The heart of Steelers Nation is not Heinz Field. It’s not inside a Monessen home where a banner reading “This is Steelers Country” acts as a curtain. It is not in some West Coast Steelers-themed restaurant where Pittsburgh expats gather to put French fries on salads.
It’s the Pittsburgh International Airport.
Every weekend during fall, the airport is covered in black and gold. Alyson Walls, of the Allegheny County Airport Authority, says the airport gets so crowded on Mondays following Steelers home games, the authority advises passengers to arrive earlier to accommodate for longer wait times.
Fans fill the terminals, shop at the stores, eat at airport restaurants, and drink at the bars. From September through December, PIT might as well call itself “Steelers Station.”
“Steelers Nation travels well,” says Walls.
Starting in the 1970s, Pittsburghers started leaving the region in droves. Thousands resettled in areas with stronger economies. But their football allegiance never wavered, their children were raised Steelers fans, and now generations of people with ties to Pittsburgh make a pilgrimage of returning to “the town with the great football team.”
Research published in Sports Business Journal shows Steelers fans live an average of 466 miles from Heinz Field. This number is surprisingly high considering there are 12 other NFL teams within that radius. Other teams with fans living farther away, on average, are geographically isolated like the Seahawks (Seattle), Cardinals (Arizona), and Patriots (New England).
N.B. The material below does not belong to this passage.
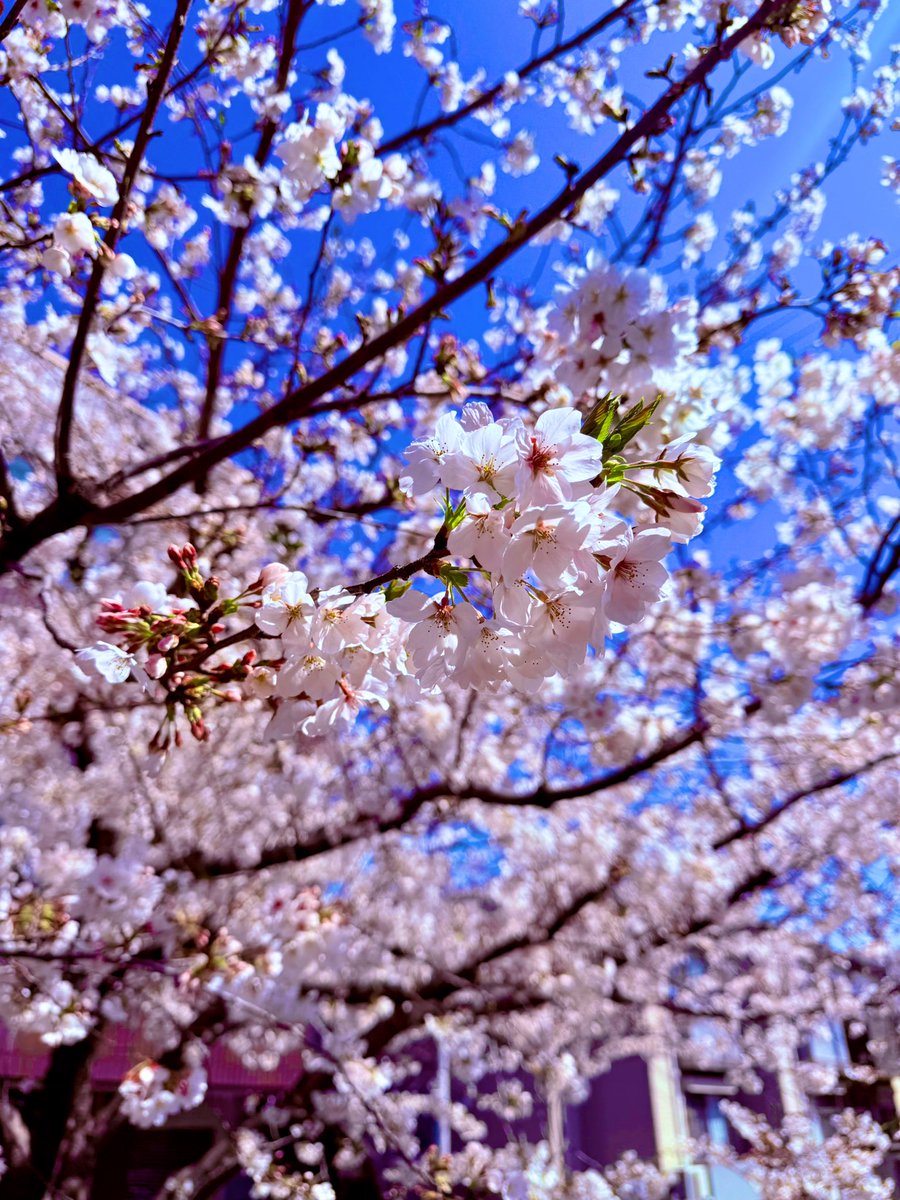 _kicks_kicks_'s tweet photo. @mrkmnkt 心穏やかに😌🌸 https://t.co/3KfICHBGe9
The airport wants to highlight the intense love fans have for the Steelers and other Pittsburgh sports teams. “There is so much history and pride that is related to the sports teams, that we want to have a little a bit of that reflected in the airport,” Walls says.
The “Black and Gold” store inside the airport has its busiest days during Steelers weekends. When local teams make the playoffs, the airport adds pop-up stores selling sports gear. Walls says those pop-ups can’t “keep that stuff on the shelves fast enough.”
The airport also pays homage to the Steelers with the “Immaculate Reception” statue of Franco Harris. Walls says it’s the most photographed spot in the airport.
And it’s not just Steelers faithful arriving to Pittsburgh; the opposing holds true, too. Huge volumes of Steelers fans travel from Pittsburgh to stadiums across the country. The Steelers regularly rate amongst the NFL’s top road draws, and their fans have famously filled large chunks of stadiums in Cincinnati, Washington, Dallas, San Diego, Denver, Charlotte, Miami, and for recent Super Bowl appearances by the team.
And when those fans return to Pittsburgh, Walls says the airport makes sure they know they’re home.
“We see a lot of comments on social media,” says Walls. “They know they are in Pittsburgh because they see Steelers and Pittsburgh culture represented at the airport.”